Decision Date08 July 1986
Docket NumberNo. 85-2233,85-2233
Parties124 L.R.R.M. (BNA) 2326, 124 L.R.R.M. (BNA) 2487, 105 Lab.Cas. P 11,991 C. Randolph EVANS, Appellant, v. MISSOURI PACIFIC RAILROAD COMPANY and Joseph Falvey, Appellees.
CourtU.S. Court of Appeals — Eighth Circuit

Jack A. Strellis, St. Louis, Mo., for appellant.

Thomas R. Jayne, St. Louis, Mo., for appellees.

Before ROSS, Circuit Judge, HENLEY, Senior Circuit Judge, and ARNOLD, Circuit Judge.

ROSS, Circuit Judge.

C. Randolph Evans appeals the dismissal of his complaint alleging slander plus injury and damages pursuant to the Federal Employers' Liability Act, 45 U.S.C. Sec. 51 et seq. (1972). The district court granted the motion to dismiss finding that the case was a "minor dispute" under the Railway Labor Act, 45 U.S.C. Sec. 151 et seq. (1972), and as such, required arbitration rather than court adjudication. This case had been removed to the federal district court for the Eastern District of Missouri from the Circuit Court of the City of St. Louis. For the reasons hereinafter stated, we reverse and remand.

Background

Appellant C. Randolph Evans was employed by appellee Missouri Pacific Railroad Company. After being disabled for over a year, appellant informed the company agent, appellee Joseph Falvey, that he was able to resume working. An employment hearing was conducted to determine the personnel that would occupy the positions available. Appellant states that during the hearing appellee Falvey slandered him by saying to a third person that Evans could not be trusted to tell the truth and that Evans was a liar.
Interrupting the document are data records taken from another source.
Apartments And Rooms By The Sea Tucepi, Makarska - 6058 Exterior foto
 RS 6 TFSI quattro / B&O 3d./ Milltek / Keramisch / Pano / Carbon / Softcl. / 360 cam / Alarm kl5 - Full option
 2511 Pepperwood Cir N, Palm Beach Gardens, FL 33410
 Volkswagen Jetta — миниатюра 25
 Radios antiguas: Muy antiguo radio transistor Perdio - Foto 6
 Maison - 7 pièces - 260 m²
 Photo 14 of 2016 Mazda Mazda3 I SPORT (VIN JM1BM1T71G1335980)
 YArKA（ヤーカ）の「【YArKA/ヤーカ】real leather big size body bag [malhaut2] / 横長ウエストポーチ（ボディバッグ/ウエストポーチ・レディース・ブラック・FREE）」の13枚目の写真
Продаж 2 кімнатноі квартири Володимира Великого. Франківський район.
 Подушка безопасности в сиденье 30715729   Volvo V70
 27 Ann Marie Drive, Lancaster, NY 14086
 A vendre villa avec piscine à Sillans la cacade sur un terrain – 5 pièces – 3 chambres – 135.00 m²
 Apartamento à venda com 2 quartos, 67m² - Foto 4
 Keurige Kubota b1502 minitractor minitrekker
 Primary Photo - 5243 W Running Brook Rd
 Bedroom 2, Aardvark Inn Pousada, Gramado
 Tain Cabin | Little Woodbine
Appellant Evans originally brought an action in the Circuit Court of the City of St. Louis. The complaint alleged common law slander and injury and damages pursuant to the Federal Employers' Liability Act (FELA). Appellee Missouri Pacific Railroad Company sought, and was granted, removal of the pending action to the United States District Court, claiming that the federal court had subject matter jurisdiction pursuant to 28 U.S.C. Sec. 1441 (1973). Appellees then filed a motion to dismiss the complaint stating that the Railway Labor Act, 45 U.S.C. Sec. 151 et seq., requires that this case be submitted to arbitration rather than adjudicated through court proceedings. The motion to dismiss was granted. Appellant contends that the federal district court did not have subject matter jurisdiction and could not grant the motion to dismiss.

Discussion

Title 28 U.S.C. Sec. 1441 provides in part:

(a) Except as otherwise expressly provided by Act of Congress, any civil action brought in a State court of which the district courts of the United States have original jurisdiction, may be removed by the defendant or the defendants, to the district court of the United States for the district and division embracing the place where such action is pending.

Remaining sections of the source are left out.